[Extracted data entries]
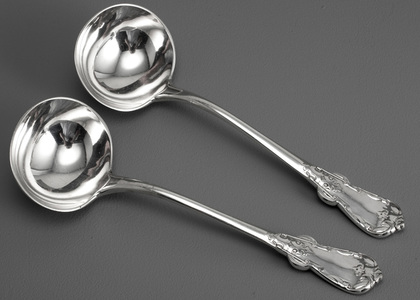 Rare Tudor Pattern Antique Silver Sauce Ladles (Pair) - Chawner & Co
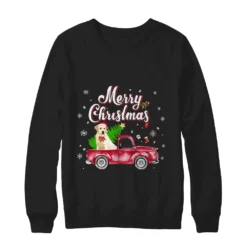 1 148 Labrador retriever rides red truck Christmas sweater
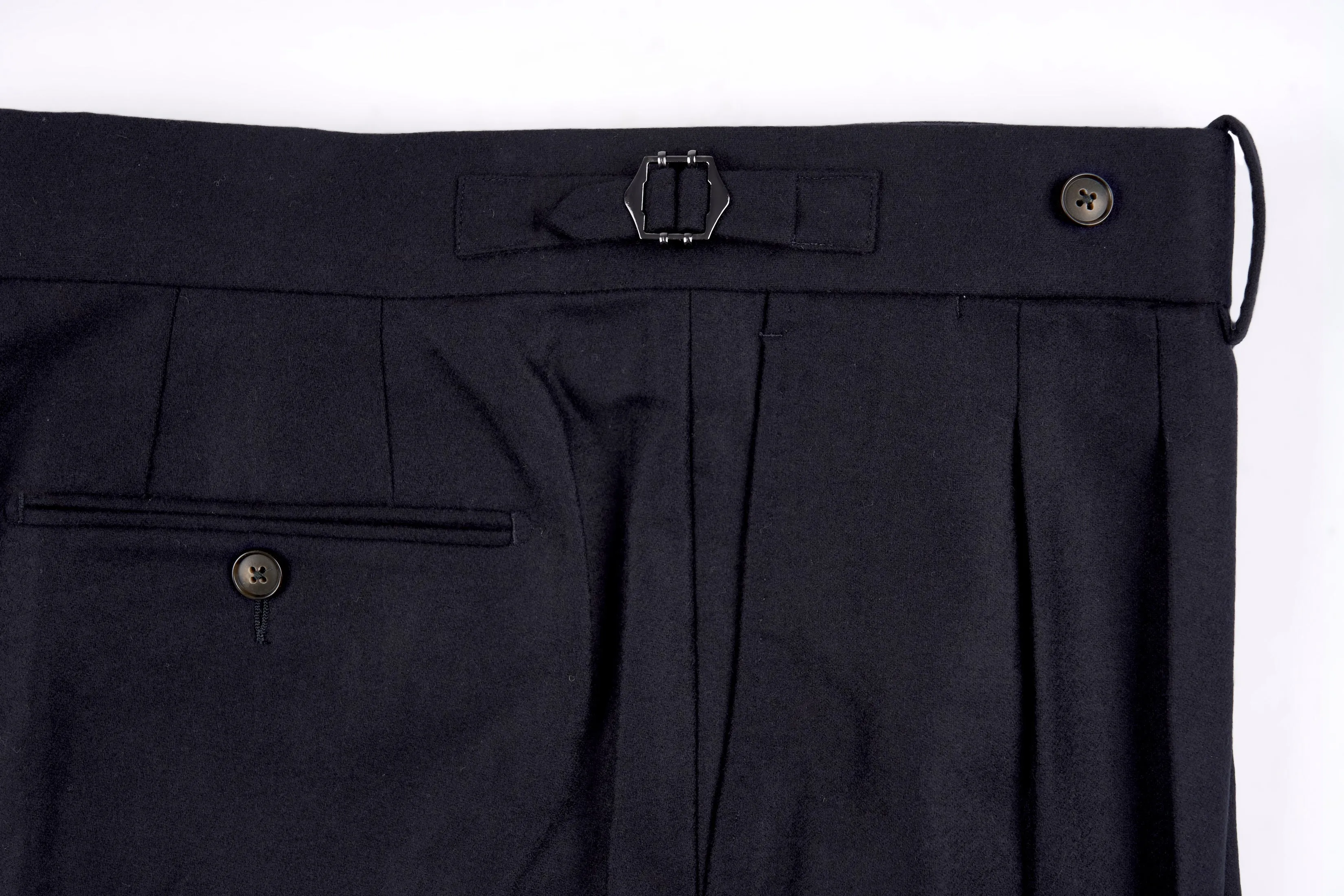 New Suitsupply Braddon Navy Blue Circular Wool Flannel Pants - Waist Size 34, 36, 38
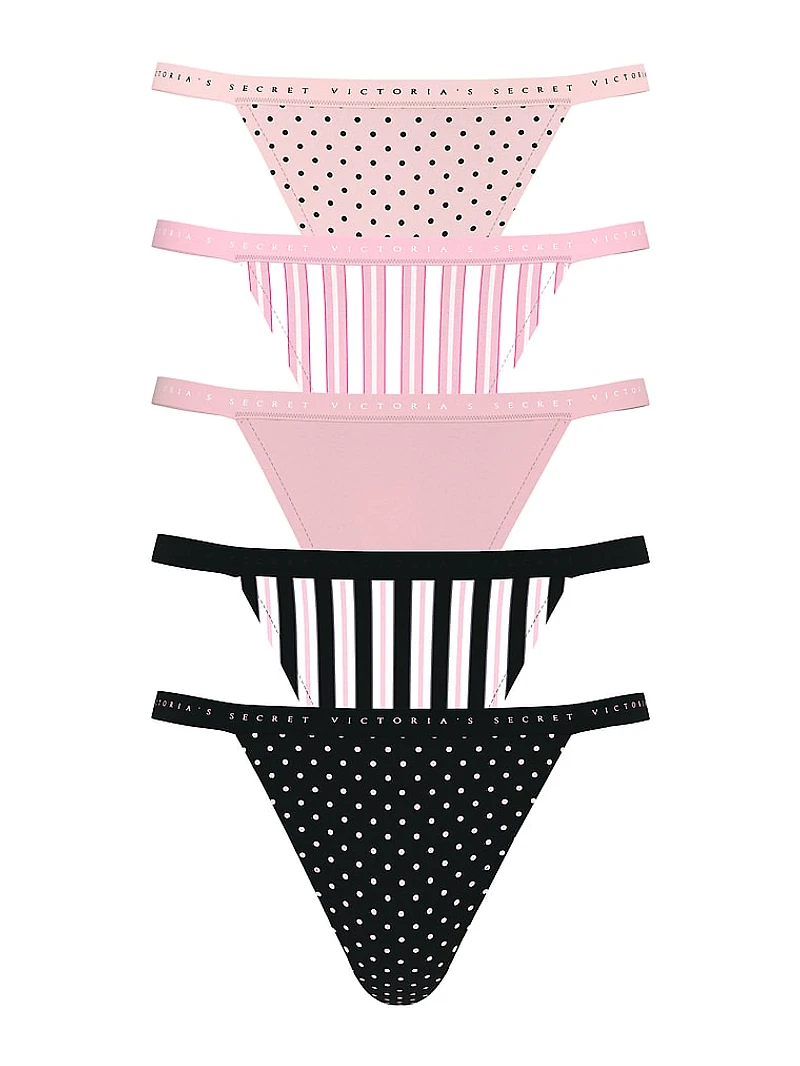 5-Pack Stretch Cotton V-String Panties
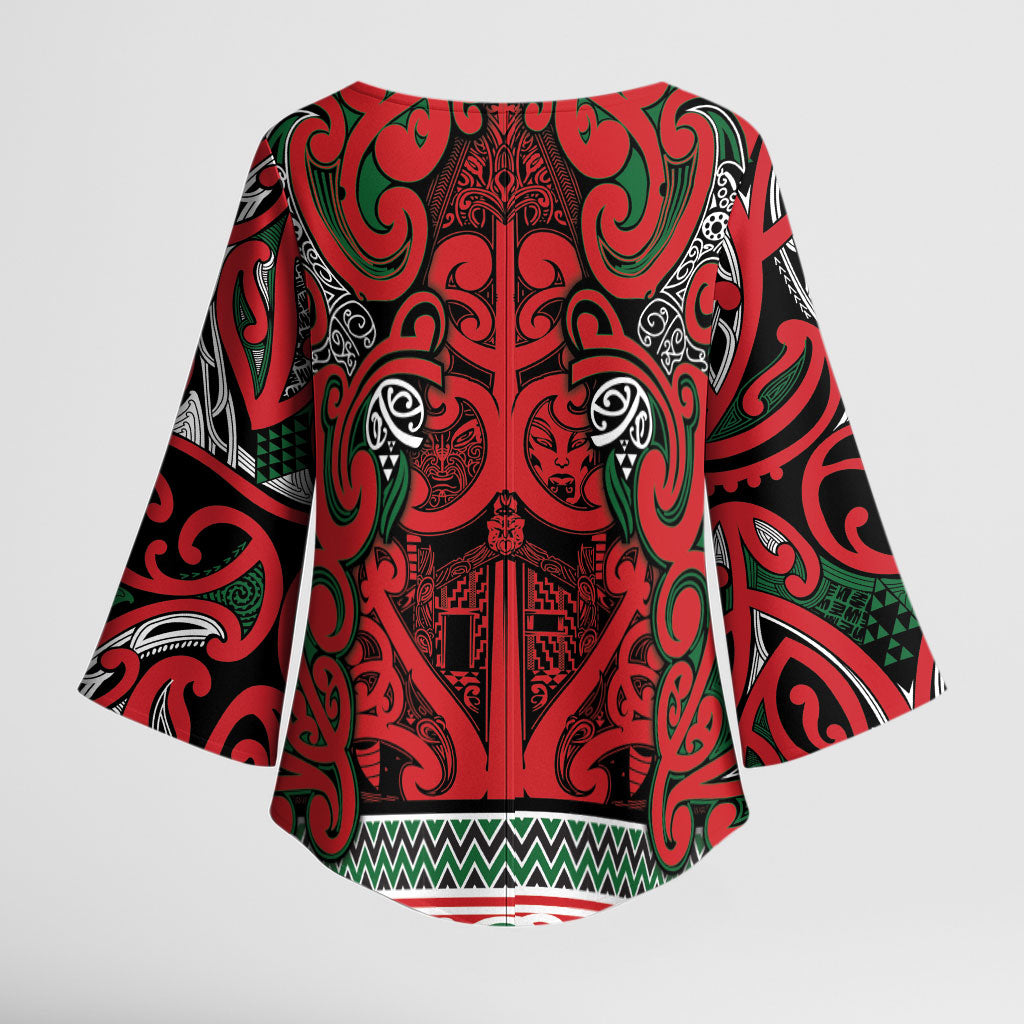 Aotearoa Iwi Tuhoe Kimono Sleeve Blouse Maori Wharenui House Tribal Pattern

▶ [Assignment]:
Restate each of the entries above word for word and skip every image.

▶ [Output for this task]:
 Rare Tudor Pattern Antique Silver Sauce Ladles (Pair) - Chawner & Co
 1 148 Labrador retriever rides red truck Christmas sweater
 New Suitsupply Braddon Navy Blue Circular Wool Flannel Pants - Waist Size 34, 36, 38
 5-Pack Stretch Cotton V-String Panties
 Aotearoa Iwi Tuhoe Kimono Sleeve Blouse Maori Wharenui House Tribal Pattern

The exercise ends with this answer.